Cependant, la situation avait été modifiée par l’émergence du parti nazi, le NSDAP. Il avait obtenu 18,3% aux élections parlementaires de 1928. Cela en faisait le second parti ayant le plus de voix, derrière les socialistes (24,5%) et devant les communistes (13,1%). Deux options existaient alors :

– soit considérer qu’inévitablement, Adolf Hitler prendrait les commandes de la droite ;

– soit essayer de briser le bloc de la droite en isolant les nationalistes.

Le premier choix fut effectué par le KPD, qui présenta comme candidat son dirigeant, Ersnt Thälmann. Deux organisations socialistes de gauche, le Parti Socialiste des Ouvriers et l’Union Socialiste Internationale de lutte, soutinrent cette initiative.

Le second choix fut effectué par le SPD, le dirigeant socialiste Ernst Heilmann expliquant que la social-démocratie « devait tout faire pour empêcher l’élection d’un président du Reich qui soit nazi, une élection, qui signifierait la fin du monde pour l’Allemagne comme pour la classe ouvrière, et devait tout donner afin que dans la rue Wilhelm officie un président du Reich qui soit fidèle à la constitution. C’est le but, tout le reste est secondaire. »

Ces deux options ont tout à fait un sens, mais l’erreur n’est au sens strict pas à chercher ici, mais dans le second tour.

Or, au second tour l’élection n’excluait aucun candidat : gagnait simplement le premier en voix, selon le principe de la majorité relative. Et c’est là que le KPD commit l’erreur de maintenir sa candidature.

Au second tour, Paul Hindenburg obtint 53,1%, Adolf Hitler 36,8%, Ernst Thälmann 10,2%. Paul Hindenburg avait gagné 700 000 voix, Adolf Hitler 2 millions de voix, Ernst Thälmann en avait perdu 1,2 million. Cela montre l’erreur du KPD, qui a continué à se présenter au second tour au lieu de s’effacer.

La question du premier tour était un choix tactique et les socialistes ne faisaient que coller aux institutions ; partant de là, il pouvait sembler logique de chercher à présenter une alternative révolutionnaire.

Toutefois, il était évident au soir du premier tour que cela n’avait pas marché. Il fallait alors s’effacer, afin de permettre une ouverture vers l’unité générale contre Adolf Hitler. Le maintien de la candidature a fermé cette possibilité, ce qui devait coûter très cher par la suite.

Il aurait fallu, en effet, reconnaître la tendance du moment, où l’extrême droite avait réussi à prendre le dessus, ce qui imposait un repli stratégique. Croire qu’on est à l’offensive alors qu’on recule est une erreur terrible.

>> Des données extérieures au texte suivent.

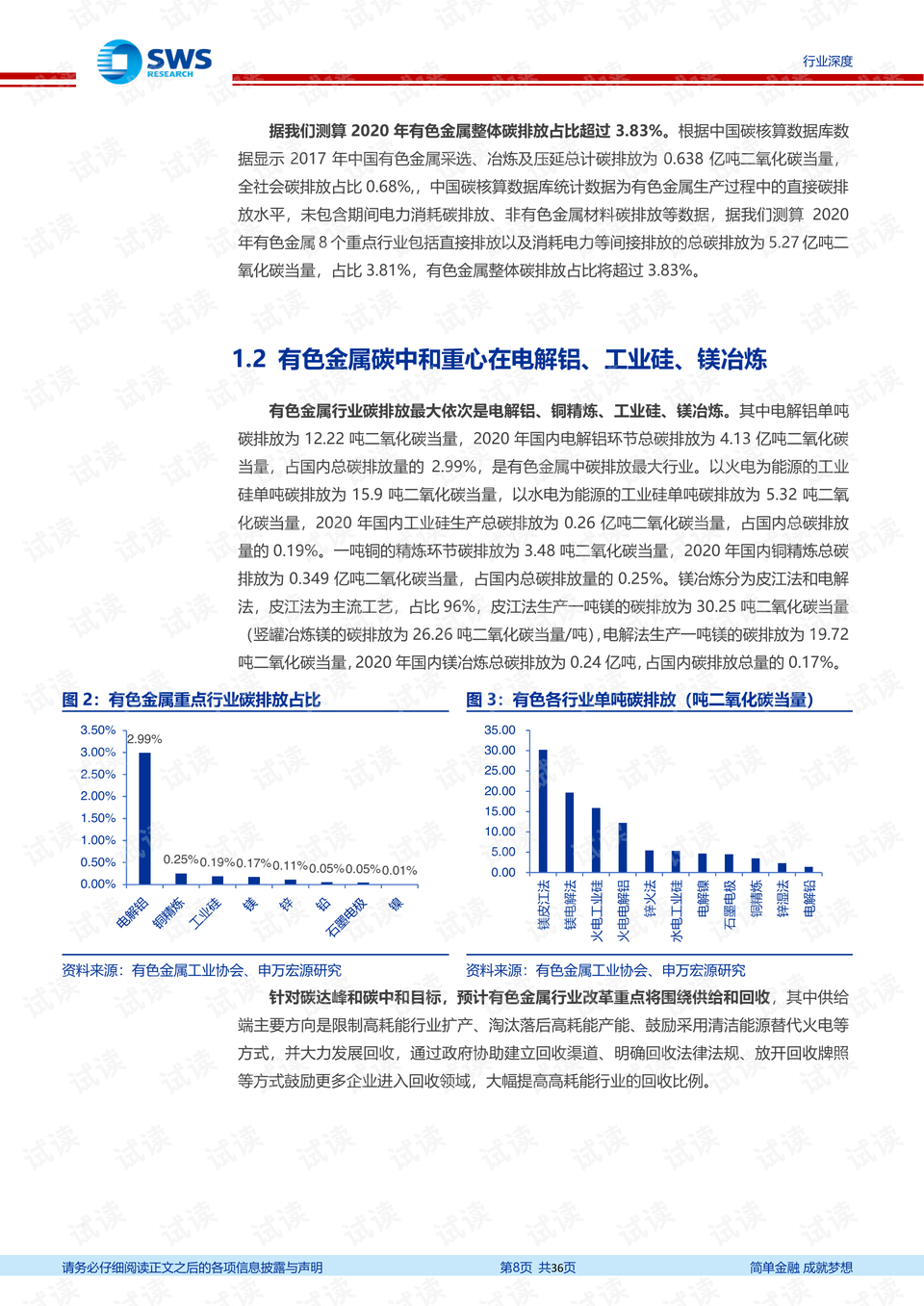 有色金属网行情,深度解析及观点阐述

Par la suite, aux élections parlementaires de juillet 1932, les nazis obtinrent 37,3% des voix, puis 33,1% à celles de novembre 1932. Le recul nazi commençait et pour cette raison, la haute bourgeoisie imposa les nazis au gouvernement, craignant que le fascisme ne cesse de faire son effet dans les masses, alors que le KPD passait de 14,3% à 16,9%.

Ersnt Thälmann sera emprisonné en 1933 et assassiné juste avant la fin de la guerre, le socialiste de droite (et d’origine juive) Ernst Heilmann mourra au camp de concentration de Buchenwald.

L’Internationale Communiste saisira la substance de cette erreur et mettra en place la ligne du Front populaire, afin d’être en mesure de toujours saisir de manière adéquate la question de l’unité antifasciste.

Cela sera réalisé dans les faits notamment par les Partis Communistes d’Espagne et de France avec les Fronts populaires gouvernementaux, mais aussi de manière significative par le Parti Communiste de Grèce pendant et après la Seconde Guerre mondiale.